Beautiful or useful....


......or loved.
I am trying to deal with a character flaw. Trying and failing. Apparently, one of the things that is preventing me surging forward into being a mighty woman of God is my inability to streamline my life. Specifically, my struggle with clutter. I have had a book on this from the library. There are a lot of these books about. These books promise me that they will show me the great secret to sorting my life out. Having read a good few of these books, my first reaction is to wonder which chumps give these people publishing deals. In every single one of them we discover that the great secret to de cluttering my life is to - wait for it - throw things out! Insight bordering on the supernatural there I think you'll find.
I have to make clear here that I am not one of those people you see on the telly who live in six feet of filth and have to have counselling before throwing out a newspaper with a headline showing the Hindenburg on fire. These are people who are not well. I am not mentally ill - or certainly not in a way that manifests itself this way. Whether it is balanced behaviour to get up early on Saturday morning to watch four back to back episodes of The Mentalist you will need to judge for yourselves. (By the way - box set - great birthday present family of mine)
So, we know it isn't as bad as it could be but could it be better? Could I sail through life unencumbered by stuff. I do admire those who seek to live life more simply. Thinkers and peaceable people who have managed to pare back their lives. I am not one of these people. It's just that so much of my life is tied up in things. Witness the shelf in our bedroom. (s'cuse dust) It's full not just of things but memories.

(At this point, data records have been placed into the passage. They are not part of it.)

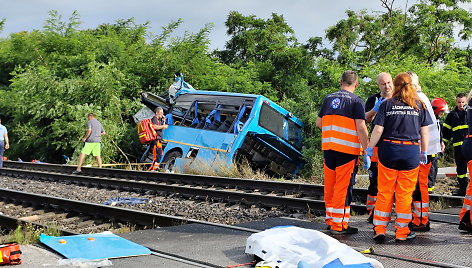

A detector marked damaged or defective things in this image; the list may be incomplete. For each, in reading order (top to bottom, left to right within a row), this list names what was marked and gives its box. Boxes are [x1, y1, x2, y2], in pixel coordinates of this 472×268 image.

crushed blue bus [139, 89, 306, 178]
overturned bus [140, 88, 306, 178]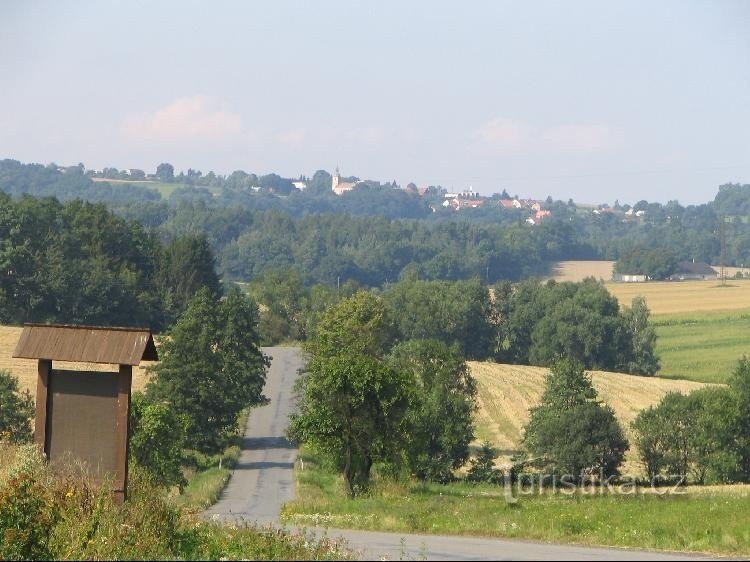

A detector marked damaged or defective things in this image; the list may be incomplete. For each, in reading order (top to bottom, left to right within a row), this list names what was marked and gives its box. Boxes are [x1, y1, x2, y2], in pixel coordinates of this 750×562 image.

rusty metal roof [12, 322, 159, 366]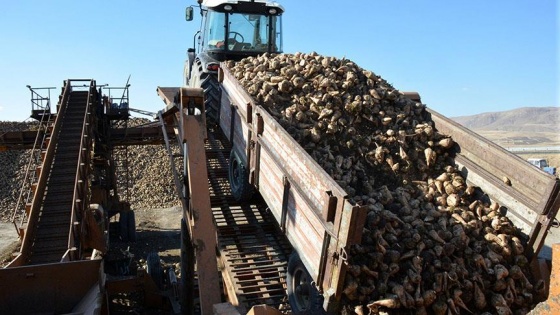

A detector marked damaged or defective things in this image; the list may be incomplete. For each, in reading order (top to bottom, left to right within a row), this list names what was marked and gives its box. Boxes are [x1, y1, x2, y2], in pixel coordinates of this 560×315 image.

rusty metal panel [0, 260, 101, 314]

Candlesticks - bought on a lovely, in and out of shops, kind of day in Modbury when we had just moved South West.
The Angel Statue - given to me by the cast of a play I directed in my old church. Pleasant surprise - thought they hated me.
Jo Malone Candle - Christmas Present from Mum and Brother. Would never spend that sort of dosh on a candle for me. Gets lit on high days and holidays only.

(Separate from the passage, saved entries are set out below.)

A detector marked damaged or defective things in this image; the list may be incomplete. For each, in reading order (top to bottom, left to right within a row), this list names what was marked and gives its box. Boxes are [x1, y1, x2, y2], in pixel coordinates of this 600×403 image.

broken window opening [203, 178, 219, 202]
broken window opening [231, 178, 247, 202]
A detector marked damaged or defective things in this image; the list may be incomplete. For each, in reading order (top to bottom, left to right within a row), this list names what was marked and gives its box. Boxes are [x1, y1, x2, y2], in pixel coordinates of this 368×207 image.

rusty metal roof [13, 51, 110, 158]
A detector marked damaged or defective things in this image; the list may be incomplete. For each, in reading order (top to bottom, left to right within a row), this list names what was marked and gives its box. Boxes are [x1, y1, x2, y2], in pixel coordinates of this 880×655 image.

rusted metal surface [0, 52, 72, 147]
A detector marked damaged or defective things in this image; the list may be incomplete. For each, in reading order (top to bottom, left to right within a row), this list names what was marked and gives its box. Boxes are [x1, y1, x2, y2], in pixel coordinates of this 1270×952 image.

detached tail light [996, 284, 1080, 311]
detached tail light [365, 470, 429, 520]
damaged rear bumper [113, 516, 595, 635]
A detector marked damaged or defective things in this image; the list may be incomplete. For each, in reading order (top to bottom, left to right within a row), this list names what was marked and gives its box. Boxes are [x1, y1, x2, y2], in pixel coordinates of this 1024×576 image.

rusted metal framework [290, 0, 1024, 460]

Family Photos - No explanation necessary
Kissing Pigs - Bought on first ever trip to York as married couple. Not high art I know. Ask me if I care.
Perfume Bottle - Gift from HOH. None of your business.
Red Candle Sticks - Usually brought down for Christmas Table.
Teddy Bear - Pinched from present bundle we made up for friends' baby. Look, we bought the baby clothes from GAP - it's enough for anyone.
Teddy Bear is wearing necklace Fruit of Womb 1 brought back from school trip to Germany. Can't say I actually wore it but the thought and everything.

In terms of money, there's nothing too valuable there. The memories are the greatest value possible. Call me a sentimental old bessie but I would rather deal with a bit of a dust trap that makes me happy than a streamlined empty space that leaves me more time to take over the world or whatever it is I am supposed to be doing. You are not supposed to have anything in your house that isn't beautiful or useful. What about stuff you love? I'm building relationship, family, friendship here. I realised long ago that I wasn't able to build an efficient palace that would get me into Minimalist Weekly. Fortunately, that never did float my boat.

Present yourselves as building stones for the construction of a sanctuary vibrant with life, in which you'll serve as holy priests offering Christ-approved lives up to God.